I'll let you know how the game ends up. These are just examples of the hosts of diagnoses, moves, decisions you can encounter in this fabulous game. Don't you want to play?


Anonymous said...

Jenn, I enjoy reading your blogs. You are able to write in a way that expresses true feelings that most people are unable to express easily. They will help others that are suffering.

David Madeira said...

Ooh! I wanna play Deep Vein Thrombosis Solitaire! Make that one next!

Jenn said...

Anonymous--thanks for reading--and commenting. I'm sure I know who you are . . . if only I knew who you were . . . ;)

Dave--yeah. Mostly the word "thrombosis" cracks me up. "Myocardial infarction" is another one. Who ever came up with the word "infarction"?

Tina said...

I can just see the jaws drop of people thinking "that's just not funny" - but if you've played the game... you get it...
and at the "end" of the game - you figure out if you have to go around again!

Anonymous said...

Thanks Jenn,

Well stated! Cancer, really is the game we all get to play one way or another! Either you have cancer or you know someone with one escapes!

Mary Anne said...

oh my gosh, Jenn, that was hilarious. hhahaha. Loved it!! You are so funny.

Scott R. Davis said...

good way to explain the maze that you go through. May you have peace and keep up your good looks and attitude of god which shines through you. CBD has a good deal on God will Make a way cds and dvds for $20 . very cool deal that I got thanks to my having in it in my wish basket!!!

Jeff said...

That was the most macarbe piece of humor... As I was chuckling I was looking over my shoulder to make sure nobody new I found it funny.

It occurs to me that you could turn this into a drinking game.

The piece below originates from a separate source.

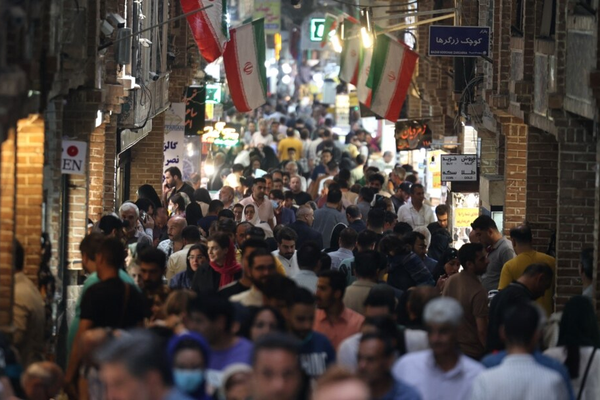 إيران على عتبة الشيخوخة.. "التحول الديموغرافي" يهدد الاقتصاد والمجتمع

Many of those side effects might be simulated by an appropriate number of shots of the appropriate drink.
Not just naseau, sleepiness, etc, but also the exposing of body parts to people of about our age...
I wonder if on the treatment cards you could say "To simulate the effects off _______ take three shots and then spin around ten times."
(Note: I mean this with my tongue firmly planted in my cheek; drinking very much is a bad idea.)